Who do we share your personal data with?
We collect your information for a specific purpose and only share this information with a third party when it is appropriate and necessary to do so in order to fulfil that purpose. This typically includes:
- helping trusted partners and suppliers involved in the organisation and delivery of Cathedral events and services, including the Diocese of Exeter
- assisting other organisations closely connected with the ministry of Exeter Cathedral, for example the “Friends of Exeter Cathedral” and the “Music Foundation Trust”.
- fulfilment of legal and statutory obligations
- fulfilment of contractual obligations
- helping the Department of Health and Social Care upon any request for visitor information they may make to the Cathedral.
We do not sell or otherwise disclose your information to third parties (including for marketing purposes).
Keeping your personal data secure
We keep personal data for as long as it is needed for the purpose it has been collected, then it is destroyed. The actual period of time takes into account such factors as legal or regulatory requirements. We follow the guidance in “Chapter and Verse: The Care of Cathedral Records” produced by the Church of England Record Centre.
All personal data is stored securely. Paper documents are held in locked cabinets. Computer documents are held on secure systems, protected by appropriate technical measures.
Your rights under the GDPR and the Data Protection Act 2018
Right of access – you may request a copy of your personal data that we hold. We may charge a “reasonable fee” to provide this data.
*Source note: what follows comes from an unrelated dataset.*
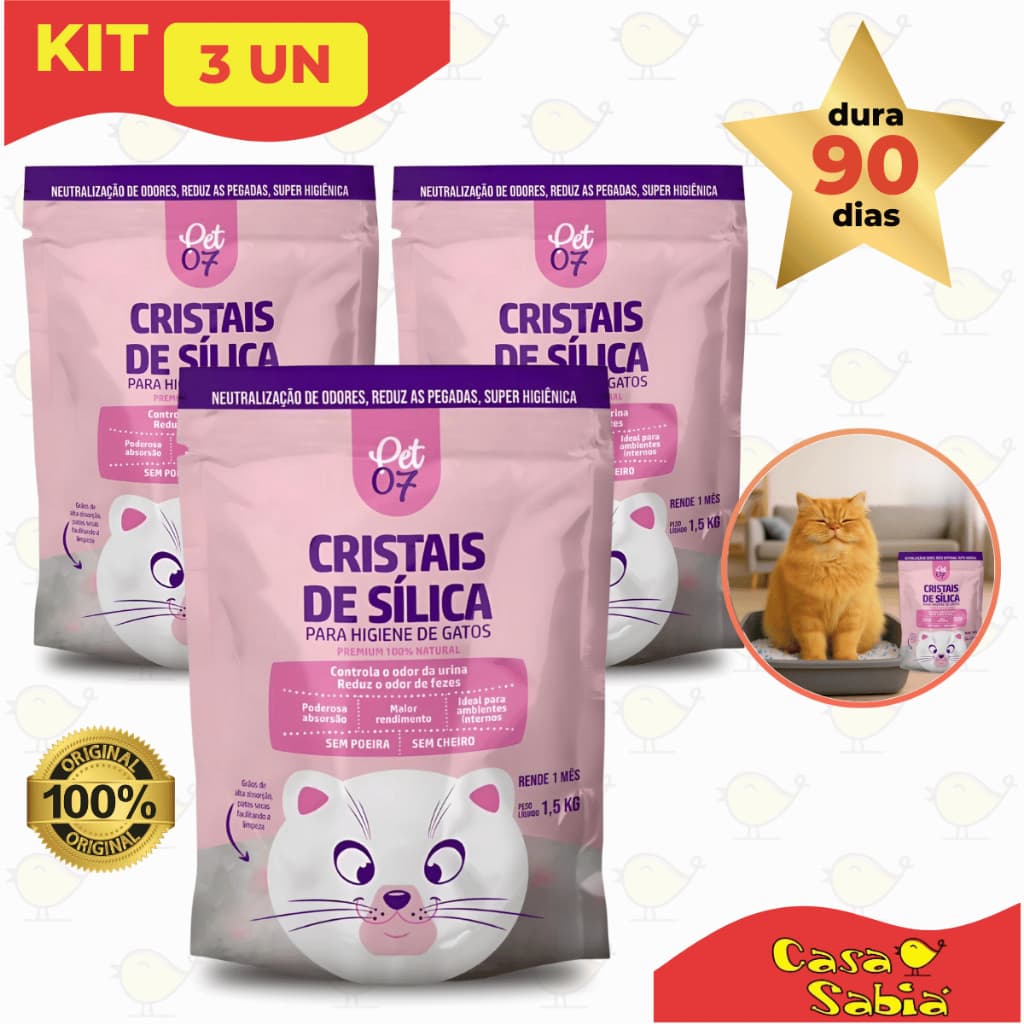 Areia Sílica Sanitária p/ Gatos PET07 Original Premium - C/ 3, 4 ou 5 un. Dura Mais e Reduz Odor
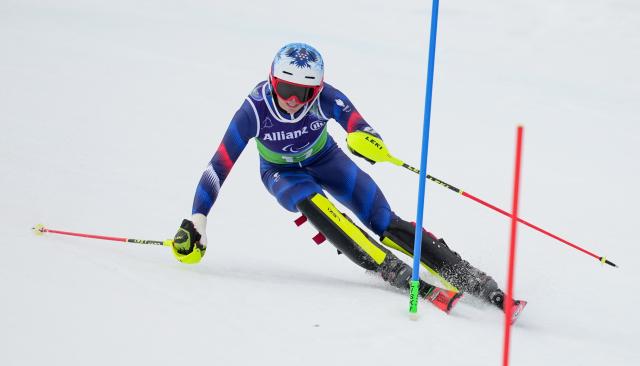 (260311) -- CORTINA D'AMPEZZO, March 11, 2026 (Xinhua) -- Arthur Bauchet of France competes during the Para Alpine Skiing Men's Alpine Combined Standing event at the Milan-Cortina 2026 Paralympic Winter Games in Cortina D'ampezzo, Italy, March 10, 2026. (Xinhua/Wang Kaiyan)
Right to rectification – you have the right to have personal data corrected if it is inaccurate.
Right to erasure / be forgotten – you have the right to request the deletion or destruction of personal data where there is no compelling reason for its continued processing.
Right to restrict processing – you have the right to request that processing of your personal data is suppressed.
Right to object – you have the right to object to processing based on legitimate interests.
Contact details
Questions, comments, requests and complaints regarding this notice should be addressed to [email protected] or 1 The Cloisters, Exeter, Devon EX1 1HS.
You have the right to lodge a complaint with the Information Commissioner’s Office or its successors. Please refer to their website for further information. At the time of writing this is www.ico.org.uk.
Changes to our Privacy Notice
Any changes we may make to our Privacy Notice will be posted on this page and, where appropriate, notified to you by e-mail.